The CIA would carry out hundreds of drone strikes launched from Pakistan targeting al-Qaida leaders and others alleged to have ties to terrorist groups. Hundreds of civilians died in the strikes, according to figures kept by outside observers, leading to widespread protests and public anger in Pakistan.

Pakistan, meanwhile, continued to be accused of harboring the Taliban after the U.S.-backed coalition drove the group from power in Kabul. And bin Laden was killed in 2011 by U.S. special forces in a secret raid on a compound in the Pakistani city of Abbottabad, home to the country’s military academy. The bin Laden operation led many in the U.S. to question whether Pakistan had harbored bin Laden and angered Pakistanis who felt the raid violated their sovereignty.

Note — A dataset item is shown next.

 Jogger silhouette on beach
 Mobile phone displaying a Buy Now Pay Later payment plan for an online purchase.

For years, CIA officials tried to confront their Pakistani counterparts after collecting more proof of Pakistani intelligence officers helping the Taliban move money and fighters into a then-growing insurgency in neighboring Afghanistan, said Douglas London, who oversaw the CIA’s counterterrorism operations in South Asia until 2018.

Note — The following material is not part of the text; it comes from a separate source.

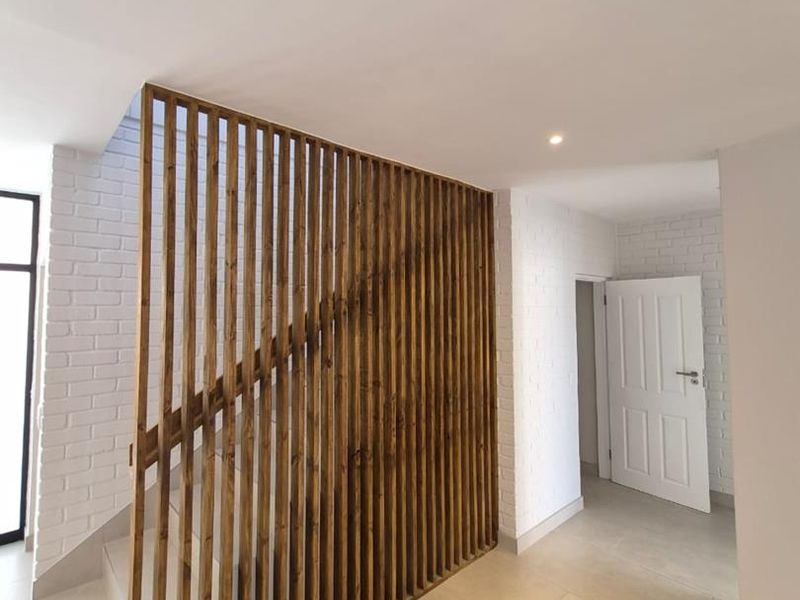 A bright, modern hallway featuring a stylish timber slat staircase screen, white painted brick walls, and neutral floor tiles.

“They would say, ‘You just come to my office, tell me where the location is,’” he said. “They would just usually pay lip service to us and say they couldn’t confirm the intel.”

London, author of the forthcoming book “The Recruiter,” said he expected American intelligence would consider limited partnerships with Pakistan on mutual enemies such as al-Qaeda or Islamic State-Khorasan, which took responsibility for the deadly suicide attack outside the Kabul airport last month during the final days of the U.S. evacuation.

The risk, London said, is at times “your partner is as much of a threat to you as the enemy who you’re pursuing.”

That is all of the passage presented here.